Among the indicators measured by XL, Mr. O'Hara listed performance during the insurance cycle, capital management and corporate culture. Monitoring underwriting performance is at the heart of any insurance company, he said.

"We will all fall short if underwriters are not motivated and compensated for growth," he said, adding that the combined ratio is useful for monitoring underwriting performance, but is not the only yardstick, since losses from some years can be delayed or sometimes concealed by above-average investment returns.

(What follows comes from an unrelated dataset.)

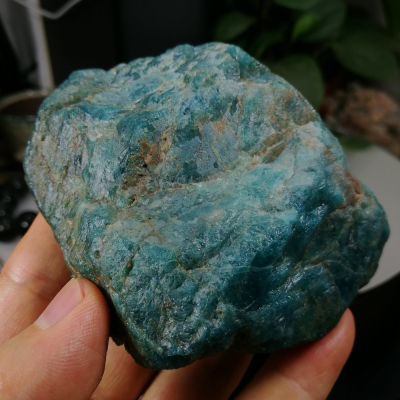 [友克鑫礦業]dd197約重296.4g-藍磷灰石原礦 磷灰石 Apatite 天然水晶 無加工未拋光原石 藍磷灰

Mr. Coomber noted that from the cycle-management point of view an underwriter should be "given the comfort that he does not need to write volume to keep his job." He added that the industry needs to act as decisively to stamp out bad practices as it does in rewarding success.

Judging capital management performance is made harder by the long-term nature of many of the risks assumed by the industry, according to Mr. O'Hara, who said "this is not a game of instant gratification. It's a marathon." As for a company's culture, that can only be measured internally, he said, but it is a "key differentiator and a fundamental component of financial strength."

Mr. Coomber divided benchmarks into three categories: internal company benchmarks, peer group benchmarks and benchmarks with other industries. In particular, he drew comparisons with the banking sector's success in raising its return on equity and achieving more consistent earnings over the past 15 years.

He argued that insurers should strive to match the returns of the banking sector, noting that a key factor in banks' success has been the transfer of risk from their balance sheets to the wider capital markets. This has reduced both the cost of their capital and the volatility of their earnings.

In contrast, property-casualty insurers use costly equity markets to finance their operations. Moreover, their profitability is highly sensitive to catastrophes, as the impact of Hurricanes Hugo and Andrew, the Northridge Earthquake and 9/11 all demonstrated, he noted.

With this in mind, Swiss Re has been spearheading attempts to securitize insurance risk with, Mr. Coomber conceded, limited progress so far. However, he pointed out that an appetite for insurance risk does exist in the capital markets, so Swiss Re will persevere with this strategy for changing the industry's business model.